How to Tile a Bathroom Floor
Ceramic or stone tile can give an old bathroom floor an elegant new look. Not only does tile improve the appearance of the bathroom, but it also adds some durability to the floor. Fortunately, installing new tile is a relatively straightforward project that only takes a weekend to finish.
Planning is the first step in laying out a tiled bathroom. Measure the entire room and determine how many tiles you’ll need for the job. You also need to consider placement and how the tile intersects major features in the bathroom. It’s always a good idea to lay out a test line of tile to ensure everything is a good fit and exactly where you want it. Once you find a good spot to start the tile, snap a chalk line for future reference.
Mix The Mortar
With the layout planned, it’s time to start mixing a thinset mortar. It's easiest to mix the mortar in a large bucket with an electric drill and paddle. Only mix enough for each section of the floor to avoid drying out the mixture. The mortar should be the consistency of peanut butter.
You can dampen the floor with a sponge to prevent the mortar from drying too fast. Using a trowel, brush on the mortar in one direction to avoid air pockets. Work in small sections at a time, so that the mortar won’t get too stiff to work with.
Set The Tile
Open a few cartons of tile and mix them together. This will help mask slight variations in color and texture. Using your chalk line, set the tiles in place and firmly press down to embed them into the mortar. Make sure the corners of the tile aren’t tipped up and inspect each piece before moving forward. You can use spacers to ensure all the gaps are even.
Prepare for Grout
Once the tiles are set and the mortar is hard, it’s time to prepare for the grout. Remove the spacers and add an extension ring to the toilet flange. This will raise it above the surrounding tile. Then, fill two buckets full of clean, cold water. This water will be used to help remove excessive grout once you start the application process.
Apply The Grout
It typically takes about 24 hours for the thinset to dry. Once it is dry, apply the grout firmly using a rubber float. Work in small sections at a time and make sure the grout fills the entire canal between the tiles. Don’t be afraid to press firmly on the float as you want the grout packed into the joint. Once an area is finished, wipe away the excess grout with a damp (not too wet) sponge.
Cleanup Your Mess
You want to avoid leaving excessive grout behind because it will be impossible to remove. Once you are finished with the grout, take a damp sponge and wipe away any leftover grout. Complete the job by wiping the surface with a dry terrycloth and allow the grout to dry overnight before caulking.

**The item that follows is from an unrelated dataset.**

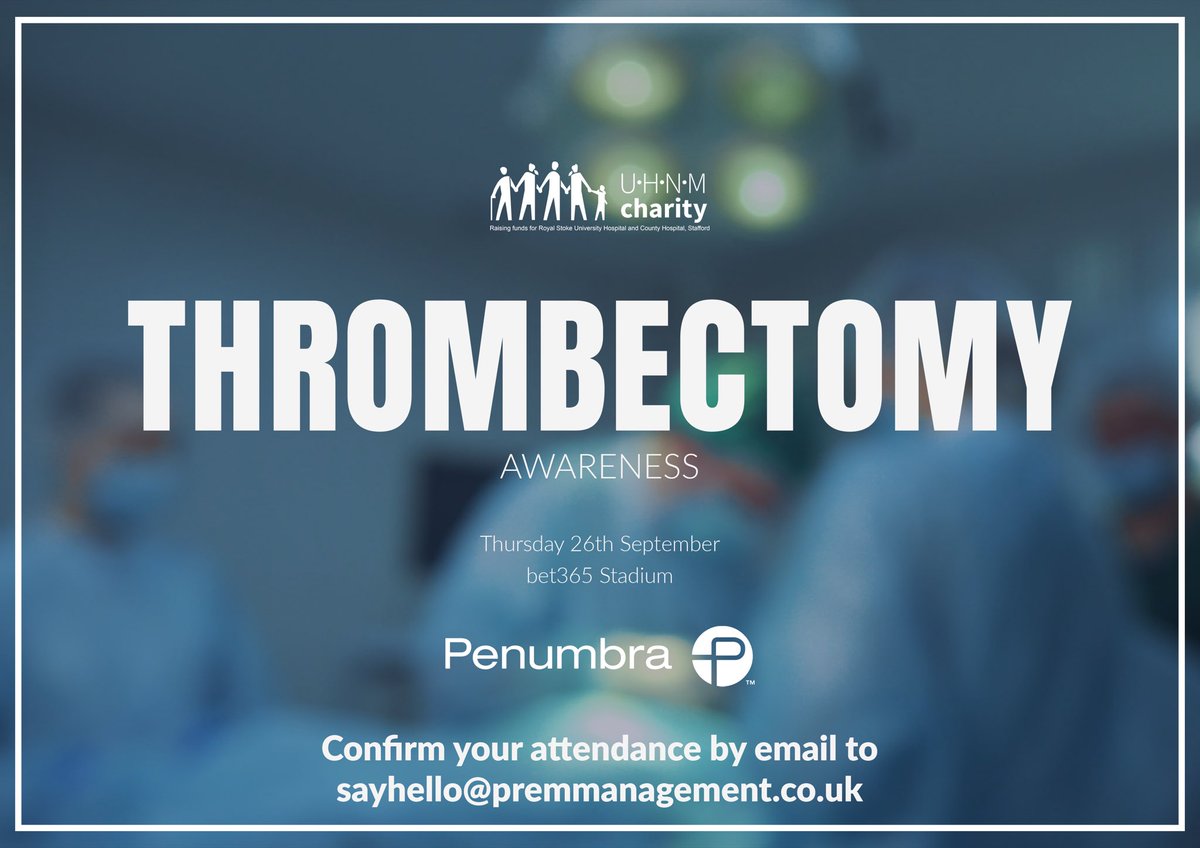 **Invitation to Thrombectomy Awareness Event**

On behalf of <a href="/UHNMCharity/">UHNM Charity 🏥</a> , we are delighted to invite you to a pivotal event dedicated to raising awareness about thrombectomy, a life-saving procedure for stroke patients.

This event will feature an enlightening short film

The grouting process will leave behind a haze the next morning. Fortunately, this can be wiped away using a dry cloth. Once the tile is clean, you can caulk any areas that need extra water seals.
Purchase all of your tiles in the same stock all at once. If you run out of tiles on the job and have to purchase more, you run the risk of having slight color distortions between the stock. The sturdiness of the floor will also determine the success of a tile installation. If the floor is too weak, consider installing backer board to make it strong enough to take the weight of the tile.